For each record below, set it down exactly but leave out any picture.

%%

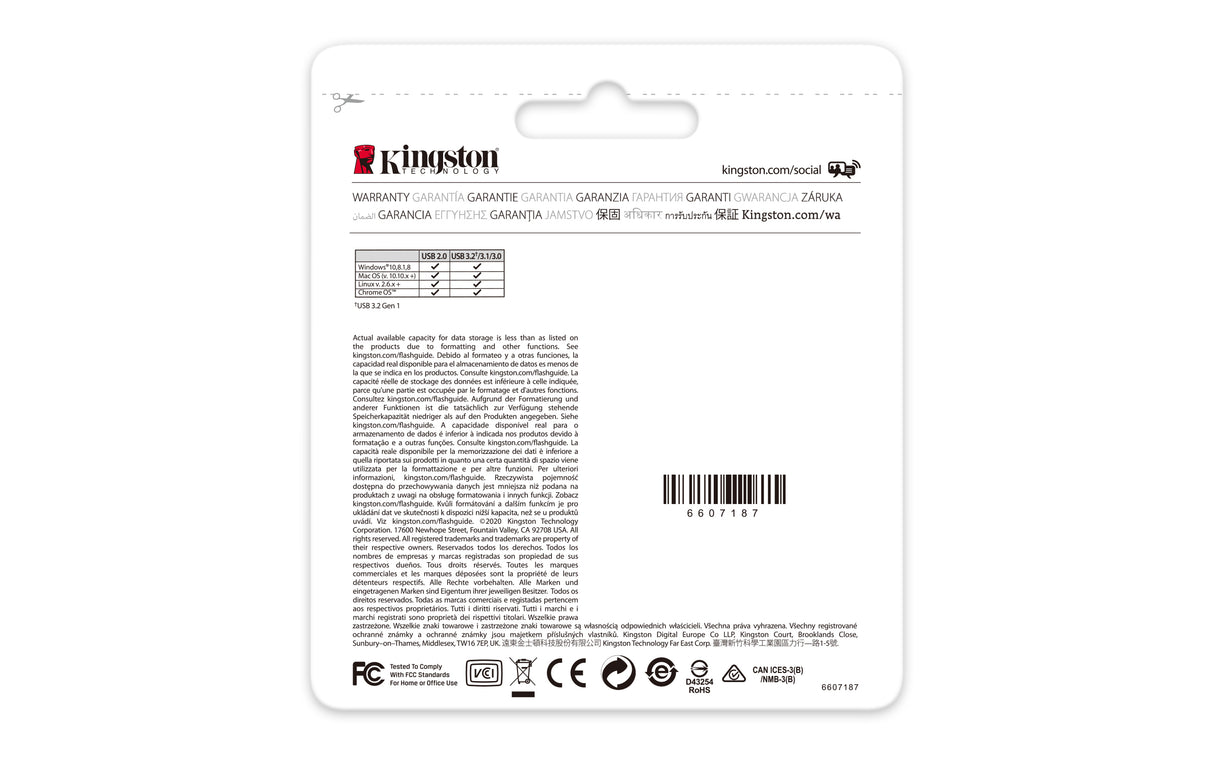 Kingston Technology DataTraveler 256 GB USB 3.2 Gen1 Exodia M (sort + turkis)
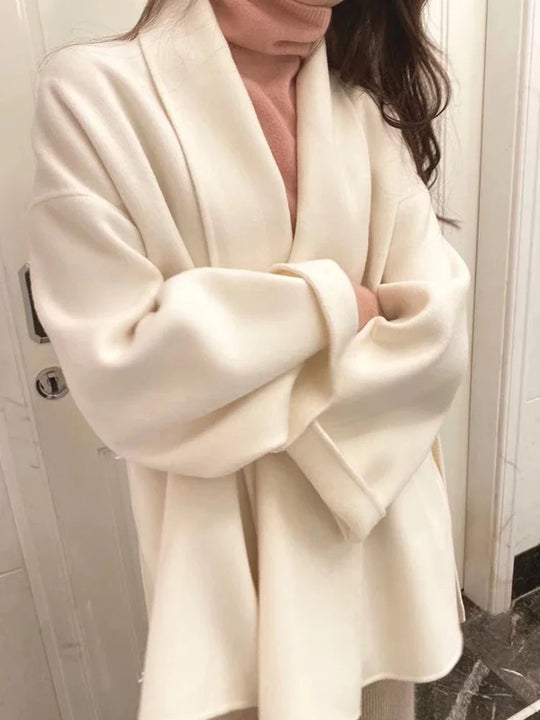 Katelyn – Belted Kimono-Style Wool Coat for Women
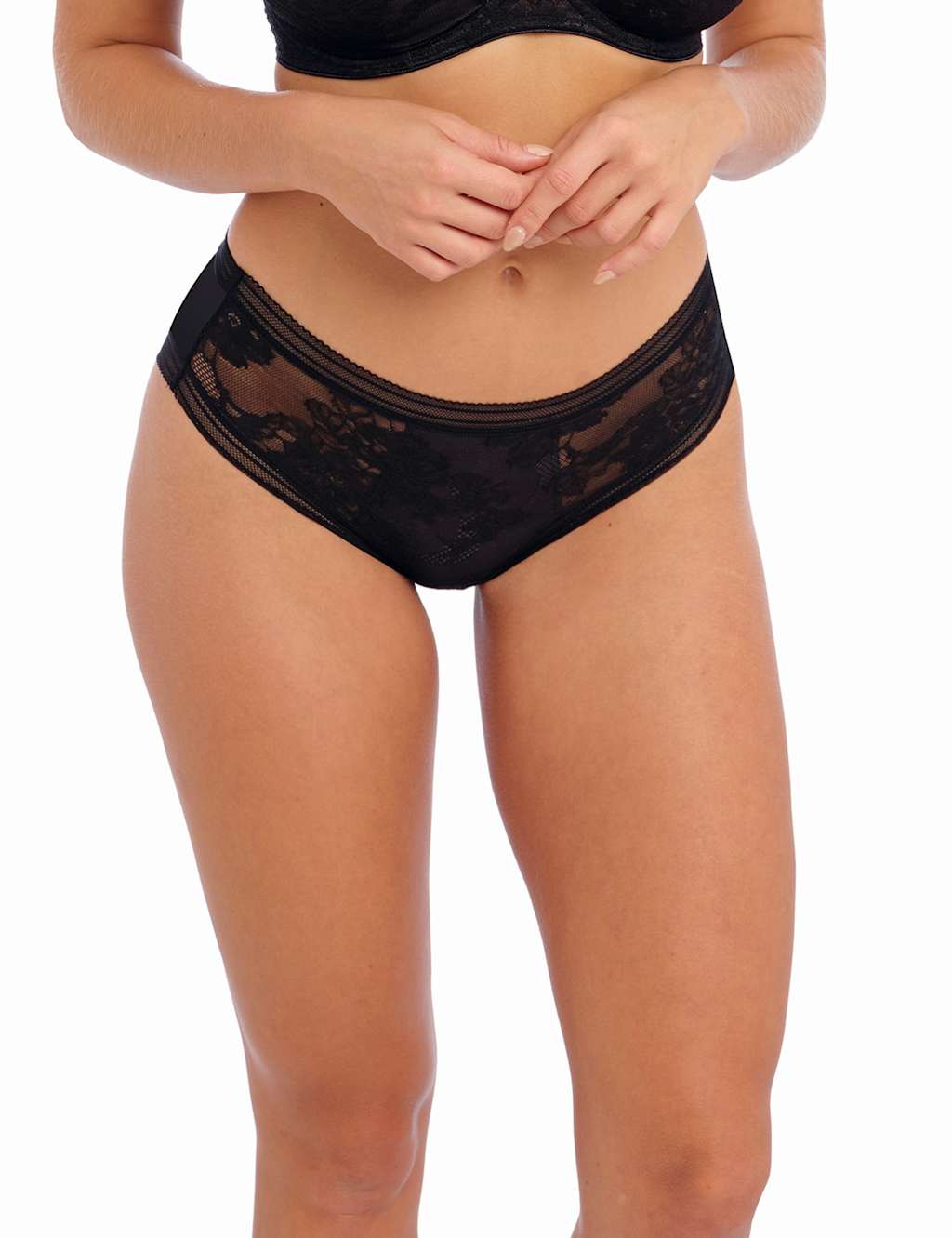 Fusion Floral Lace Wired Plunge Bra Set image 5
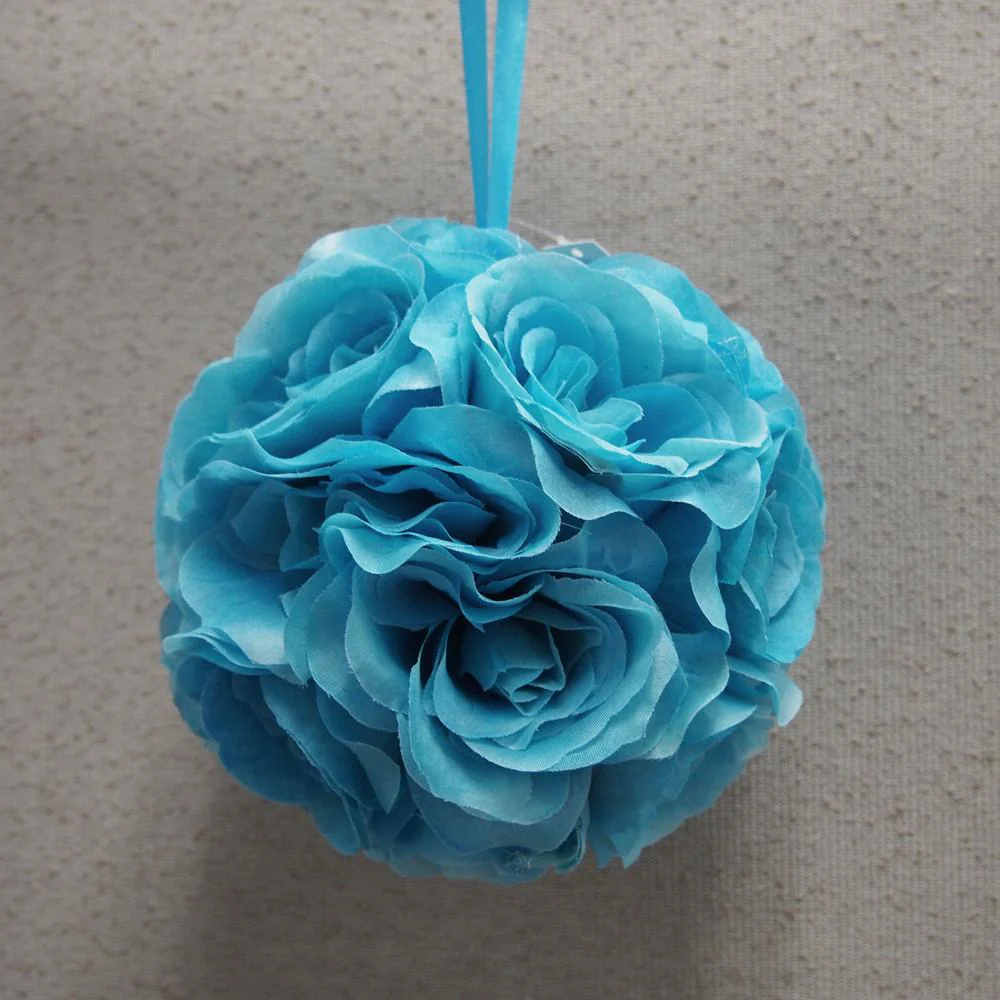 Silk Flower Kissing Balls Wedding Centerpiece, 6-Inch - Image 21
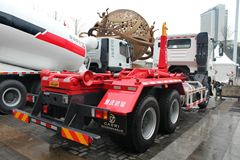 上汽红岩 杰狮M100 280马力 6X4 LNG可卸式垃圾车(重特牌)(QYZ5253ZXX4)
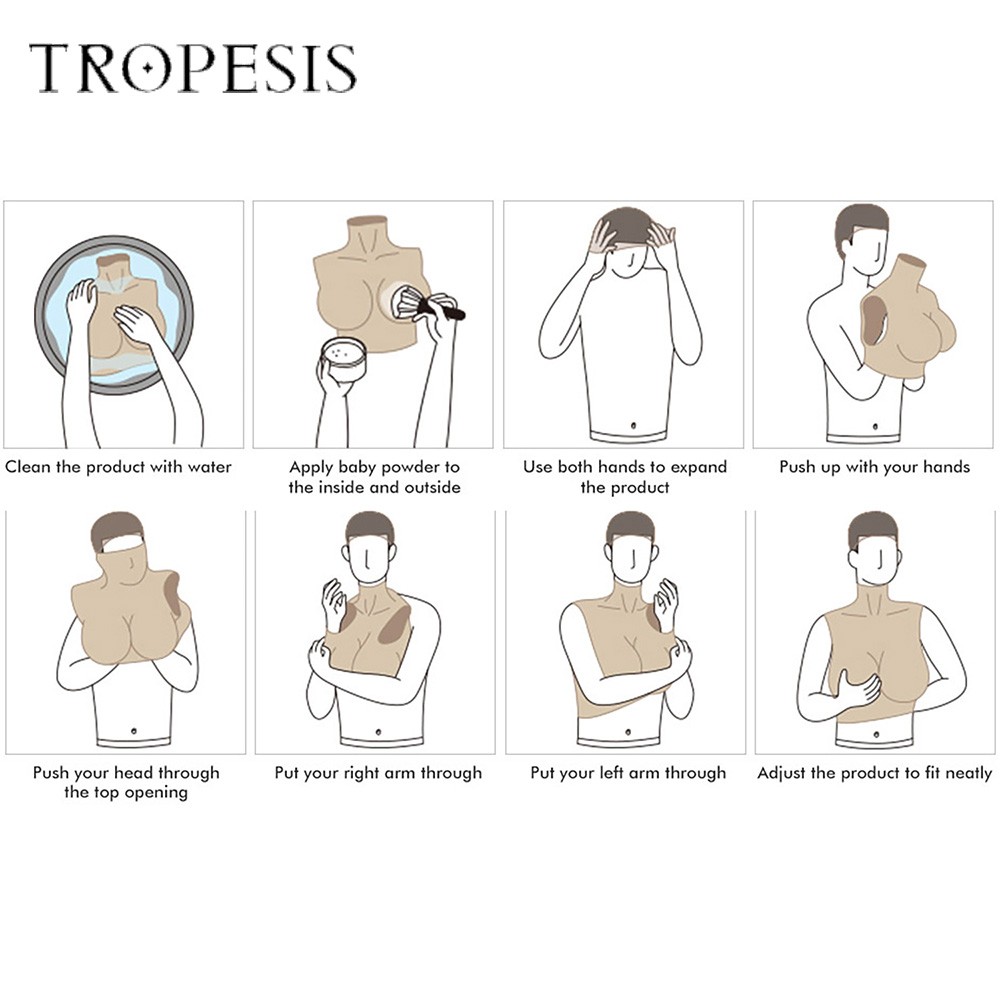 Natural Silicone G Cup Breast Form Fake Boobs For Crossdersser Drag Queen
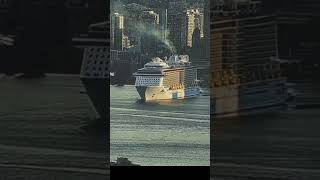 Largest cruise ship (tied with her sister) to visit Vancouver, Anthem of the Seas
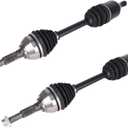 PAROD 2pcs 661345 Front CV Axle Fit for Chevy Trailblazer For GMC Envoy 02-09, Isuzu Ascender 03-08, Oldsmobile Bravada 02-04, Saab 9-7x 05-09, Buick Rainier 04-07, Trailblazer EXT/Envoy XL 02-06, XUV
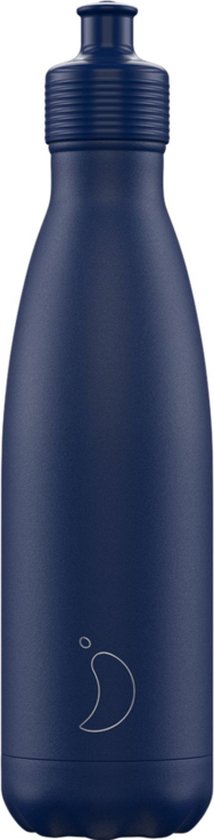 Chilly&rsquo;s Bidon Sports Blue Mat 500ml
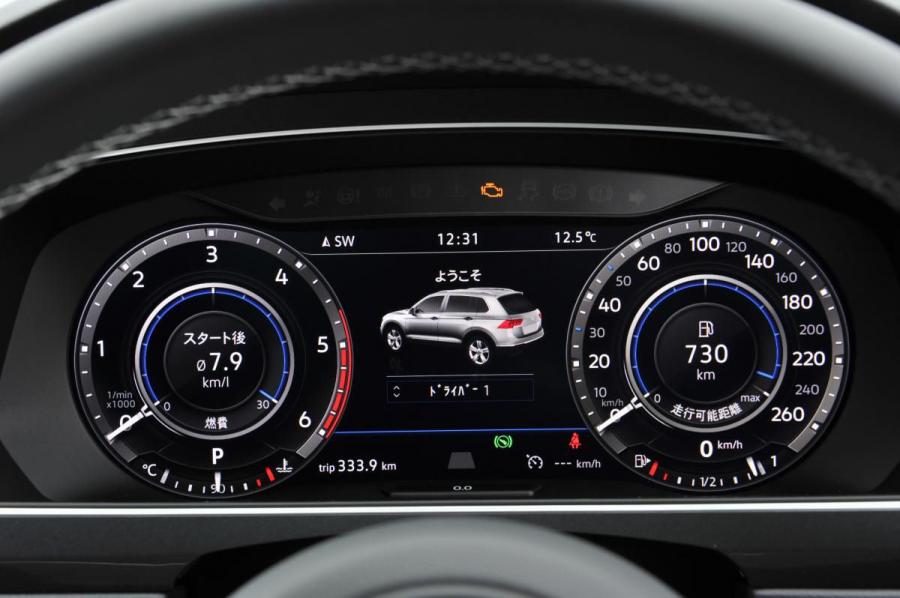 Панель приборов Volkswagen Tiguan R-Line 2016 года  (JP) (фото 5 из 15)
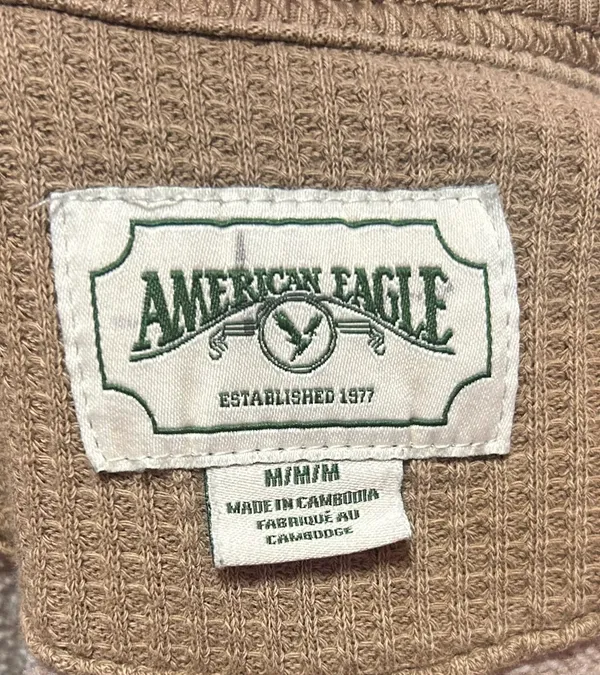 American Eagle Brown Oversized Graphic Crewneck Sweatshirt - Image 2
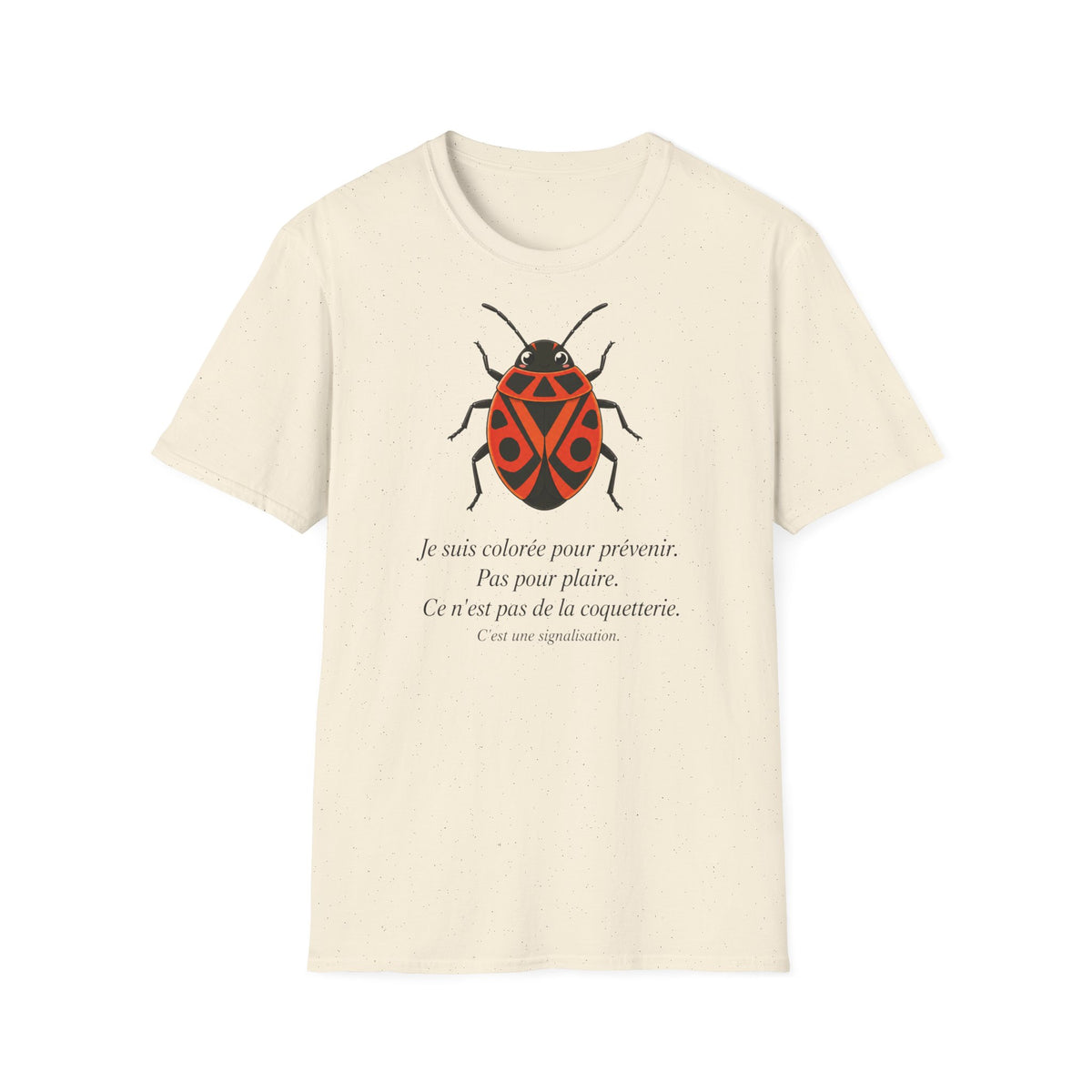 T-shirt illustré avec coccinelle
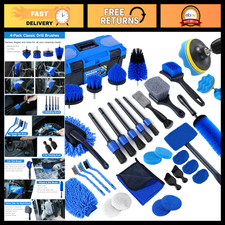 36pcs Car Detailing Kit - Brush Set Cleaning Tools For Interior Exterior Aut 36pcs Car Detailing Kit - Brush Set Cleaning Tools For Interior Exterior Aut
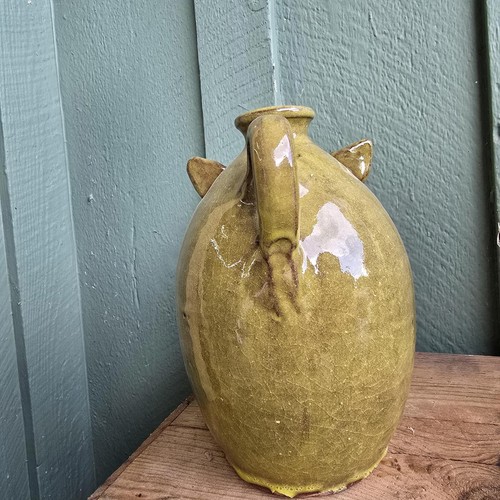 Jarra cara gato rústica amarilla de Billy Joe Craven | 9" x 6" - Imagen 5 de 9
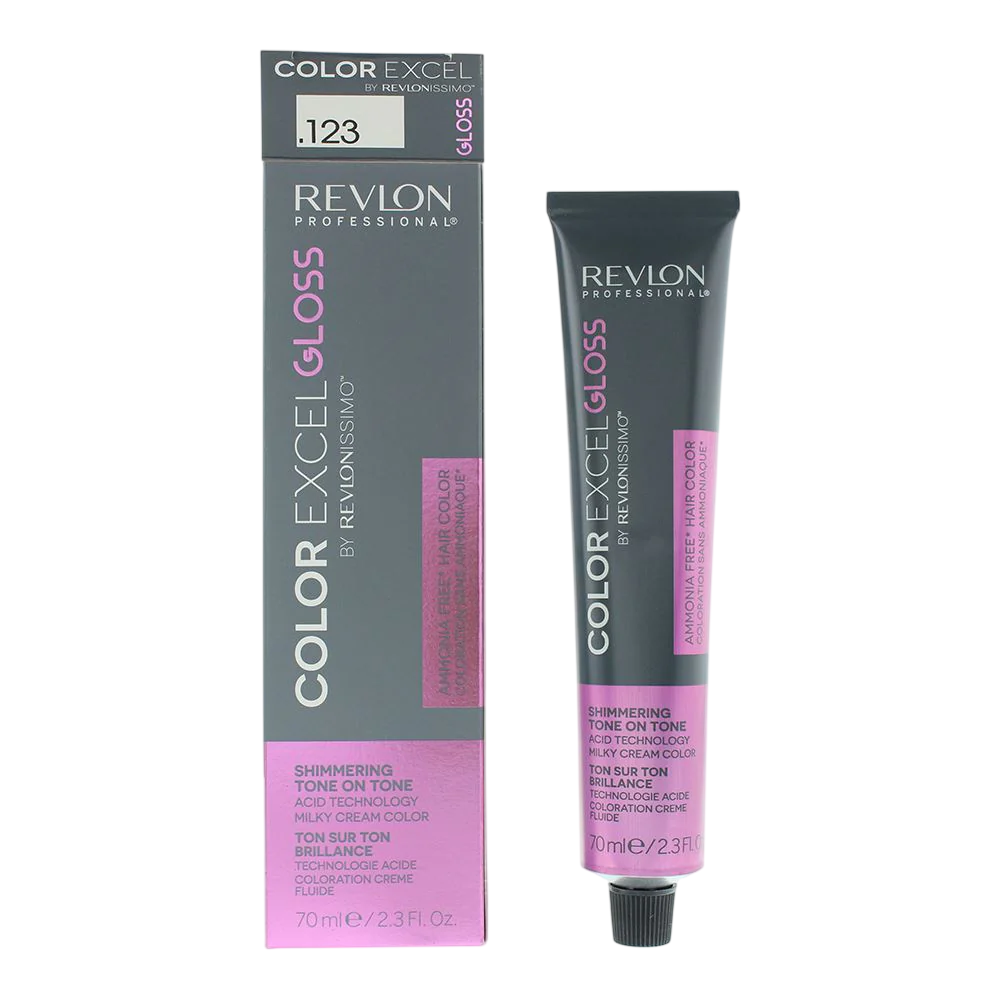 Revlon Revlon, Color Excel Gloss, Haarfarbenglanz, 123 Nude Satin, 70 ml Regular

%%

- Problem solution
 Kingston Technology DataTraveler 256 GB USB 3.2 Gen1 Exodia M (sort + turkis)
 Katelyn – Belted Kimono-Style Wool Coat for Women
 Fusion Floral Lace Wired Plunge Bra Set image 5
 Silk Flower Kissing Balls Wedding Centerpiece, 6-Inch - Image 21
 上汽红岩 杰狮M100 280马力 6X4 LNG可卸式垃圾车(重特牌)(QYZ5253ZXX4)
 Natural Silicone G Cup Breast Form Fake Boobs For Crossdersser Drag Queen
 Largest cruise ship (tied with her sister) to visit Vancouver, Anthem of the Seas
 PAROD 2pcs 661345 Front CV Axle Fit for Chevy Trailblazer For GMC Envoy 02-09, Isuzu Ascender 03-08, Oldsmobile Bravada 02-04, Saab 9-7x 05-09, Buick Rainier 04-07, Trailblazer EXT/Envoy XL 02-06, XUV
 Chilly&rsquo;s Bidon Sports Blue Mat 500ml
 Панель приборов Volkswagen Tiguan R-Line 2016 года  (JP) (фото 5 из 15)
 American Eagle Brown Oversized Graphic Crewneck Sweatshirt - Image 2
 T-shirt illustré avec coccinelle
 36pcs Car Detailing Kit - Brush Set Cleaning Tools For Interior Exterior Aut 36pcs Car Detailing Kit - Brush Set Cleaning Tools For Interior Exterior Aut
 Jarra cara gato rústica amarilla de Billy Joe Craven | 9" x 6" - Imagen 5 de 9
 Revlon Revlon, Color Excel Gloss, Haarfarbenglanz, 123 Nude Satin, 70 ml Regular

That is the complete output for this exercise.